I dread going to the gym. I have to break a sweat when I’d rather be home breaking a piece of cheese to go with my red wine. But the cheese and wine will have to serve as a reward for the time I spend at the gym huffing and puffing and not blowing anyone’s house down.

I start with cardio. Personally, I’d consider it a moral victory if I could do just five minutes on the treadmill. But guilt kicks in and I stay on longer, lots longer — as much as two more minutes. I keep monitoring my heart rate to get it into the “zone.” To me the “zone” is after a second glass of tasty cabernet, but this is a different “zone.” In fact, it’s a different planet.

But all the exercise experts are right. Once you get into the zone you begin to feel more energetic and believe that you can now go into the weight room and lift 500 pounds. No matter, I start with five pounds and work my way up — to seven pounds.

Much too light. I’m feeling the hormones kicking in. My chest swells, my biceps find their way out of hibernation and say hello. I go through the entire weight drill — chest, back, shoulders, biceps, triceps, and legs. And then a bit of stretching. Not bad for a seven-minute workout.

And then it’s back to the couch for another couple of days until I work up the courage, nerve, adrenaline and motivation to propel me back to the gym. Even the sound of the word gym makes me retch. “Bar” is a much more attractive sounding word.

And then I’m back to the gym. The fitness trainer points to a guy in the back and says to me, “You see that guy? He’s ninety years old and comes here every day. Just watch him and tell me that age is a barrier to exercise.”

I watch the old guy. He’s on the treadmill running, not slow walking but literally running. I pass his machine and see that he’s already been on it for thirty minutes. He doesn’t even seem to be breathing hard.

I finish my seven-minute cardio exercises and follow him into the weight room. He has a barrel chest with biceps that would stop a college cheerleader in her tracks. He starts with a bench press and does 200 pounds.
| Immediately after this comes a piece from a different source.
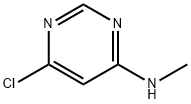 65766-32-7  4-氯-6-甲基氨基嘧啶  6-chloro-Nmethylpyrimidin-4-amine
He then does some biceps curls using 35-pound weights.

I’m stunned. I’m considerably younger than he is and suddenly feel like King Misfit IV. He passes me, looks at my protruding abdomen and winks. I spend the next two days trying to figure out what he was trying to tell me with that wink. It couldn’t be positive.

I have two choices. Either I commit myself to the kind of exercise this old guy is routinely into or just give it up altogether and tell myself that it’s just not worth the effort. I go through all the reasons that I wouldn’t live to ninety anyway and do the arithmetic. I would need to do this kind of daily grind for many years until I reach ninety.

My conclusion is easy. I’ll settle for less exercise, more red wine, more TV and more couch sitting and hope for eighty-five.

Art Stevens is a long-time columnist for the Sanibel-Captiva Islander. His tongue-in-cheek humor is always offered with a smile.